200400240/1.
Datum uitspraak: 16 juni 2004
AFDELING
BESTUURSRECHTSPRAAK
Uitspraak in het geding tussen:
[appellant], wonend te [woonplaats],
het college van burgemeester en wethouders van Ameland,
verweerder.
Bij besluit van 25 november 2003 heeft verweerder krachtens de Wet milieubeheer aan [vergunninghouder]een vergunning verleend voor het oprichten en in werking hebben van een schapenhouderij gelegen aan het Tjettepad te Hollum, kadastraal bekend gemeente Ballum, sectie […], nummer […]. Dit besluit is op 2 december 2003 ter inzage gelegd.

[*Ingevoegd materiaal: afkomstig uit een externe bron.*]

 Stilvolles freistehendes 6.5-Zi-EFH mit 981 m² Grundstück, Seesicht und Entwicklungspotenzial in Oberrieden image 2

Tegen dit besluit heeft appellant bij brief van 12 januari 2004, bij de Raad van State ingekomen op 13 januari 2004, beroep ingesteld. De gronden zijn aangevuld bij brief van 2 februari 2004.

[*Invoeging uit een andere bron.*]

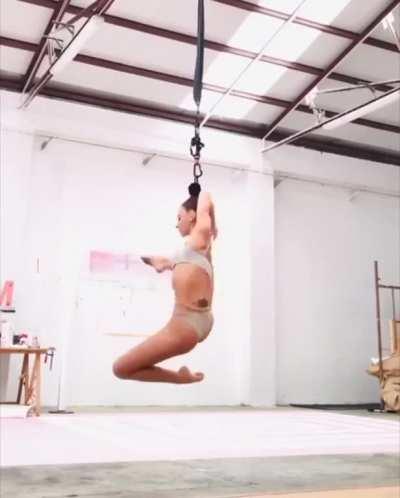 Кружиться на волосах это конечно круто..Но,что у нее сзади на пояснице?Родимое пятно?Волосы?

Bij brief van 24 maart 2004 heeft verweerder een verweerschrift ingediend.
De Afdeling heeft de zaak ter zitting behandeld op 10 mei 2004, waar appellant, vertegenwoordigd door ing. A.M. Bruin, gemachtigde, en verweerder, vertegenwoordigd door ing. J.N. Schoustra, ambtenaar van de gemeente, en P.J. IJnsen, wethouder, zijn verschenen.
2.1. Appellant betoogt dat verweerder met het bestreden besluit de grondslag van de aanvraag heeft verlaten. Hij wijst op het aan het bestreden besluit verbonden voorschrift 1.13 waaruit volgt dat de veehouderij op een andere locatie dient te worden gesitueerd.

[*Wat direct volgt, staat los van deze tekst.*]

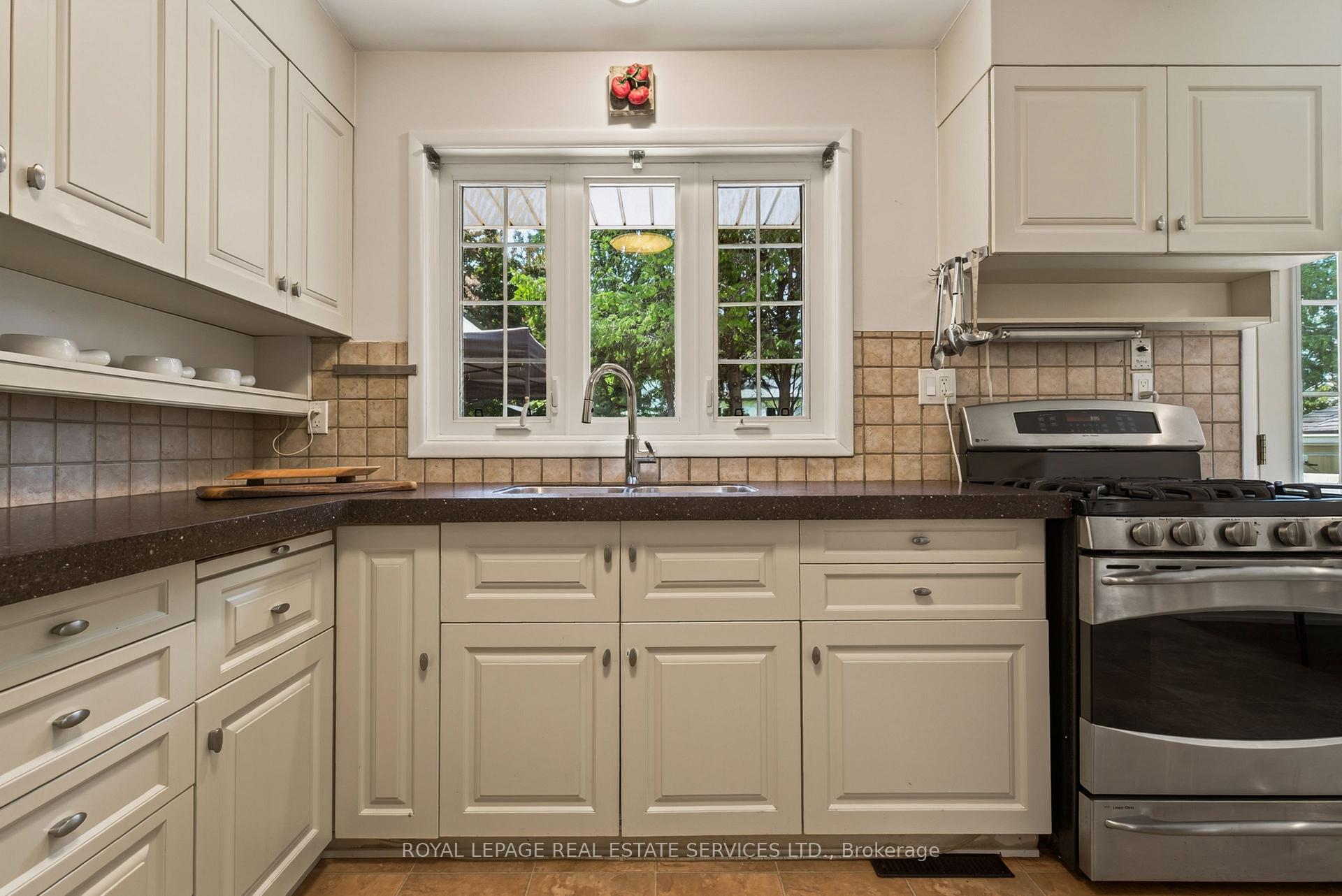 Photo 20 of 17 Lynndale Drive, Hamilton, Dundas — HOMEH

2.2. Verweerder is van mening dat de onderhavige veehouderij op een andere locatie moet worden opgericht, nu de voor deze veehouderij aangevraagde locatie binnen de in de Wet ammoniak en veehouderij genoemde zone van 250 meter rond een kwetsbaar gebied is gelegen en daarom voor deze locatie geen vergunning kan worden verleend. Verweerder heeft derhalve voorschrift 1.13, onder ‘Algemeen, locatie’, aan het bestreden besluit verbonden. Ingevolge dit voorschrift zal de stal, in afwijking van de aanvraag, op de door het bevoegd gezag aangegeven locatie, vermeld in bijlage 2 behorende bij het bestreden besluit, gebouwd moeten worden.
2.2.1. Blijkens de stukken, waaronder de aanvraag, is vergunning gevraagd voor het houden van 110 schapen en 1 paard in één stal. De locatie van deze stal is aangegeven op de bij de aanvraag behorende tekening. Vaststaat dat verweerder bij het bestreden besluit is afgeweken van de door vergunninghouder aangevraagde locatie voor de stal.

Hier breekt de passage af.